Solution of the Poisson–Boltzmann Equation about a Cylindrical Particle

Abstract

An analytical approximation is developed to the solution of the Poisson–Boltzmann equation about a charged cylindrical particle in an electrolyte solution. A symmetrical electrolyte is treated specifically, but the method applies also to nonsymmetrical ones. The analysis preserves the mathematical character of the exact problem and (as is shown by comparison with machine solutions) yields results with errors which are for most purposes negligibly small. The complete solution involves five separate cases depending on the value of ${\lim }_{\mathrm{R\to \infty }}{\mathrm{[\Psi \hspace{0.17em}/\hspace{0.17em}K}}_0\mathrm{(R)]}$ , where $R$ is the radial coordinate and $\Psi$ the electrostatic potential, both in dimensionless form.
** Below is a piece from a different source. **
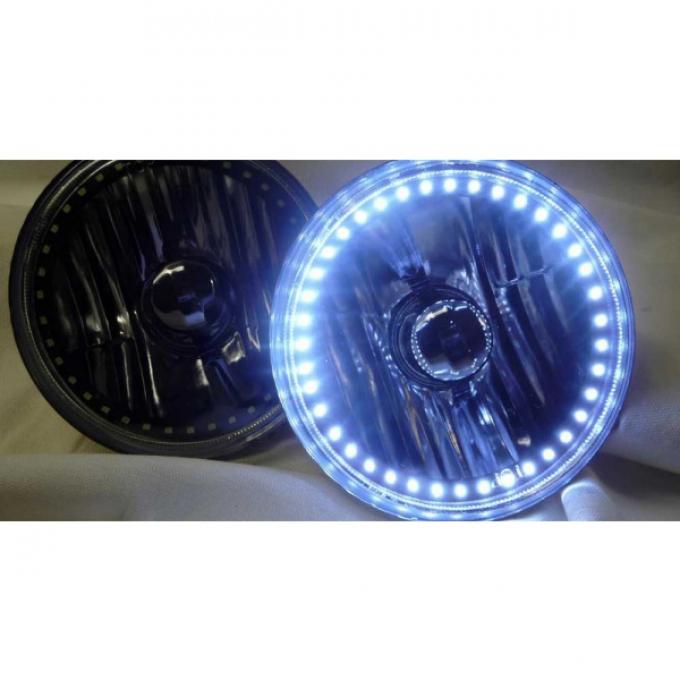 Firebird Headlight, 7 Inch Round Blackout With Single Color White LED Halo, 1970-1976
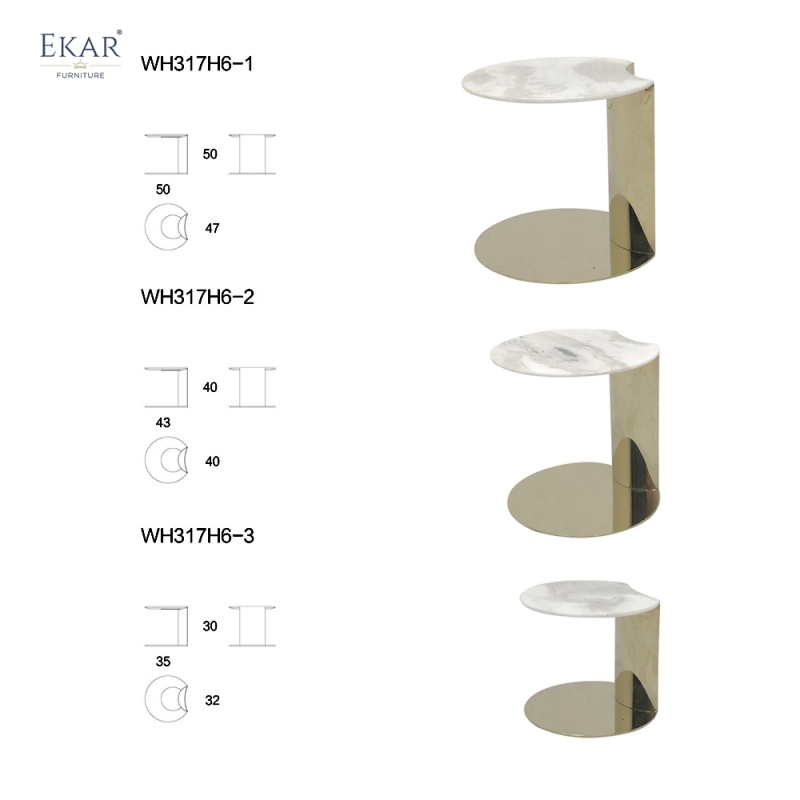 Hardware crystal steel marble panel combination corner table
In two cases the singularity in $\Psi$ is at $\text{R\hspace{0.17em}=\hspace{0.17em}0}$ , and the Debye–Hückel solution is a uniformly valid, though quantitatively poor, approximation. In the other three cases the (physically relevant) singularity is away from the origin. Similar singular behavior would account for the limited success of iterative and regular perturbation schemes for the solution about the sphere.